++++ Dataset excerpt

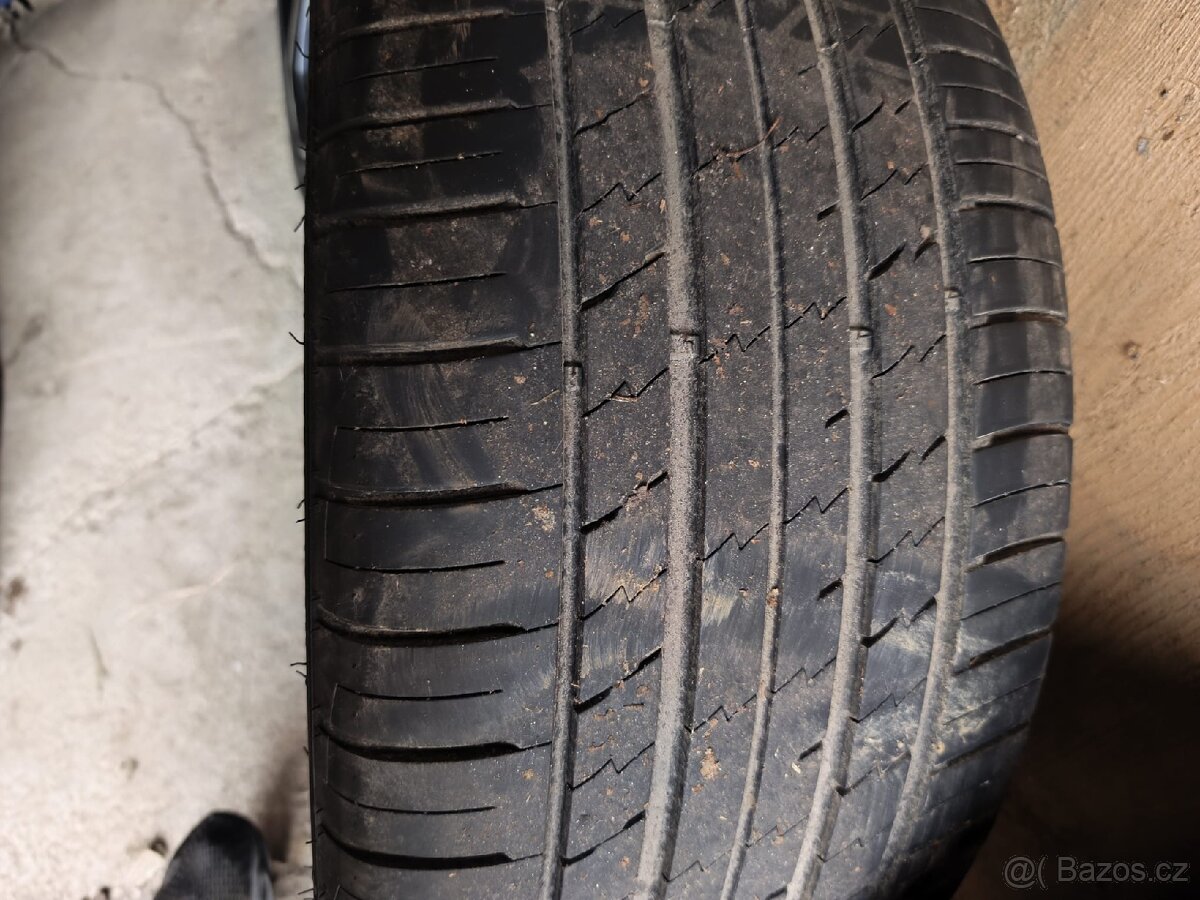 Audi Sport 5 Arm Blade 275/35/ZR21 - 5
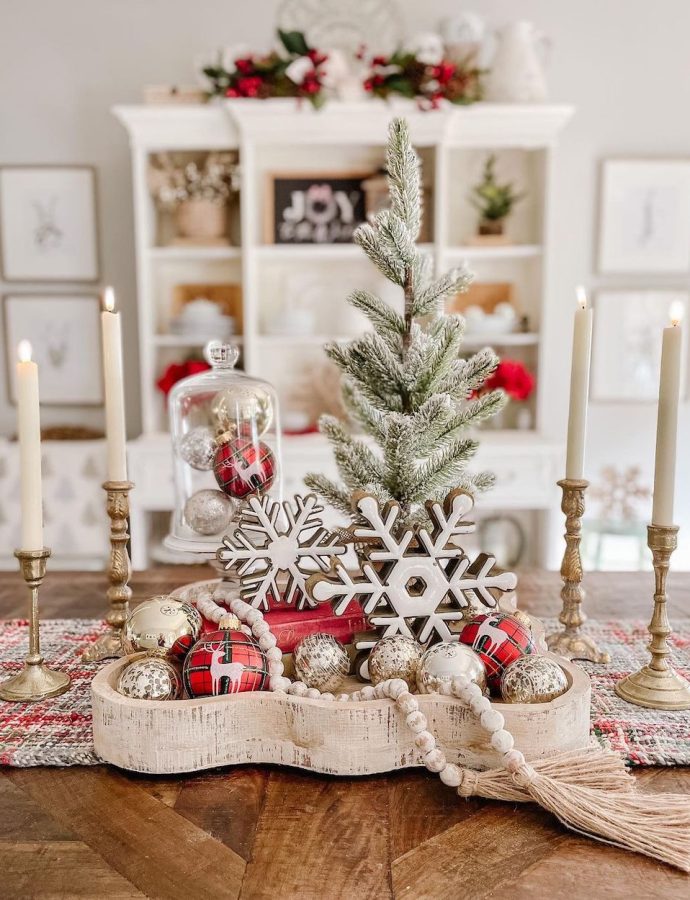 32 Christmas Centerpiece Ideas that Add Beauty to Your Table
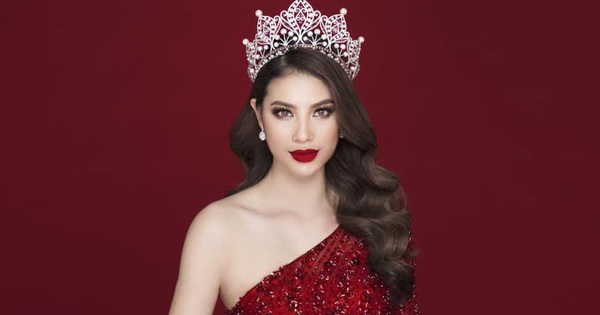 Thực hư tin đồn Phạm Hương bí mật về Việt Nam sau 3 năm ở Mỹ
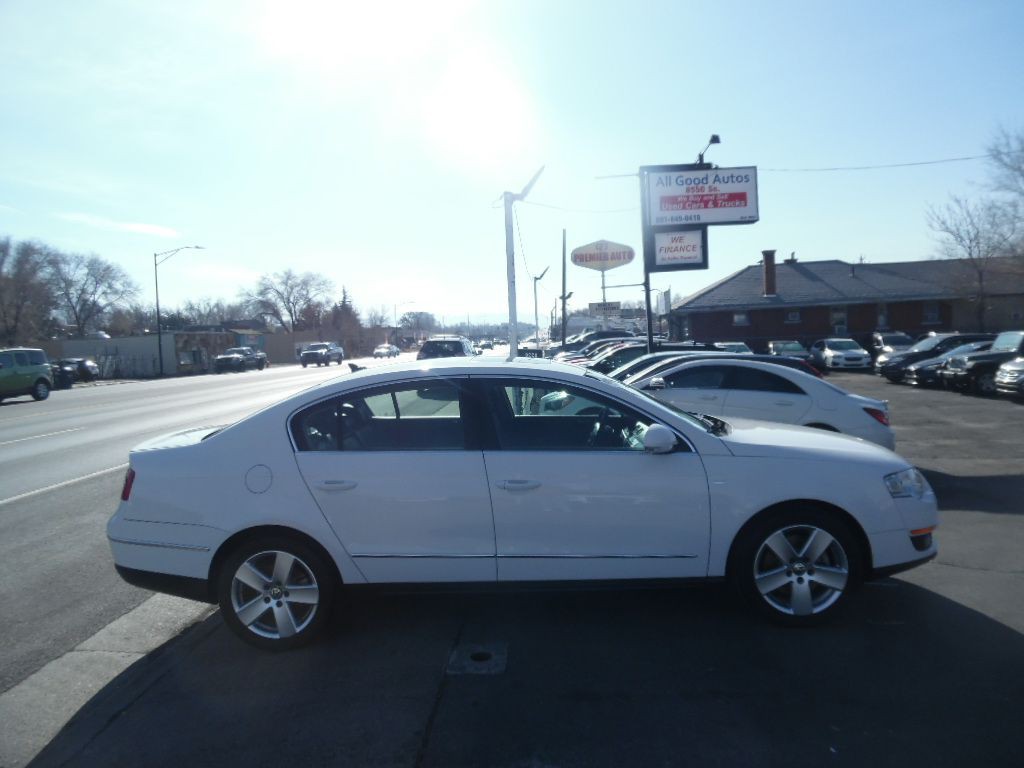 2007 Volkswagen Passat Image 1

++++++++

__What is expected__
Transcribe the listing exactly; skip the pictures.

__Written response__
 Audi Sport 5 Arm Blade 275/35/ZR21 - 5
 32 Christmas Centerpiece Ideas that Add Beauty to Your Table
 Thực hư tin đồn Phạm Hương bí mật về Việt Nam sau 3 năm ở Mỹ
 2007 Volkswagen Passat Image 1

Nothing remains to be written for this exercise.